Declan Kearney said last week the Chapel Corner area of the town was "festooned" with bunting and a variety of flags, including some "associated with the UDA", Parachute Regiment and local unionist flute bands.
He said two of these flags were removed on Saturday morning prior to a funeral being held at St Comgall's chapel, "but those responsible refused to remove the flute band flags", something he branded "unacceptable and indefensible".
A DUP MLA, however, accused Mr Kearney of "stoking up tensions" through his comments.
Mr Keaney said: "Last week the Chapel Corner was festooned with a variety of flags and bunting. Flags associated with the UDA, British Paratroop (sic) regiment and locally based unionist flute bands were erected in the immediate vicinity of St Comgall’s chapel, school and car park.
“This was both provocative, insensitive and a clear attempt at intimidation.
“I and other Sinn Fein colleagues engaged privately with unionist political representatives and the PSNI in an attempt to secure the removal of these flags at this sensitive location.
“The Chapel Corner and surrounding residential areas of Antrim Town are shared and neutral community spaces. It is absolutely intolerable that they continue to be abused in this way. However it is particularly outrageous that St Comgall’s chapel should be targeted with the offensive erection of paramilitary, paratroop and band flags."
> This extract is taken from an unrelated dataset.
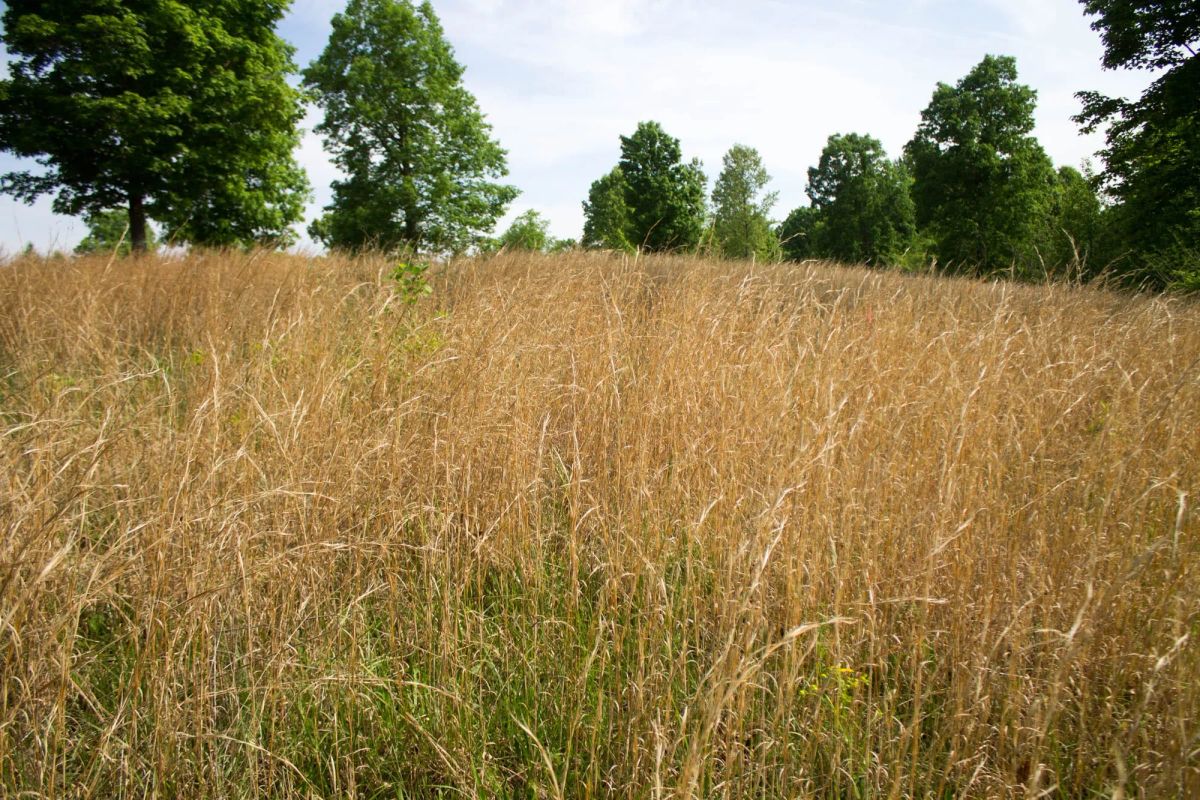 Laurel Ridge Tract 2 - Image 4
Mr Kearney added that no place of worship should be subjected to such "disrespect and sectarian intimidation".
"Those responsible for what has happened here should be ashamed of themselves. It is long past time that this type of behaviour is stopped," he said.
“All shared residential, retail, recreational areas and workplaces must be respected, and kept free from sectarian threat or harassment.
“All political and civic leaders, and public agencies have a clear obligation to promote and protect good community relations and to uphold the law.”
In response, Trevor Clarke, DUP MLA for South Antrim, said: "There is no place for paramilitary flags anywhere in Northern Ireland; however the flute band flags belong to bands who parade through the area every five years on the Twelfth of July.
"This appears to be an attempt to stoke up tensions, which did not exist, by Mr Kearney."
Antrim DUP councillor Paul Dunlop said, as a bandsman himself, he sees nothing offensive about flute band flags.
The PSNI said the flags in question were reported to police last Wednesday.
Assistant Chief Constable Bobby Singleton said: “Within the current statutory framework, the removal of flags is not the responsibility of the Police Service nor do we have a specific power to do so and we will only act to remove flags where there are assessed risks to public safety owing to their erection.
“We are aware that this is a sensitive issue for the whole community and there is no easy solution. There is no community or political consensus on the flags issue and ultimately this requires a political, not a policing resolution.
“Our experience shows the most effective solution to this issue is negotiation, mediation and engagement between local communities working with agencies including local police.
“We will continue to work with local communities and partners to find long term solutions to the issues surrounding the flying of flags."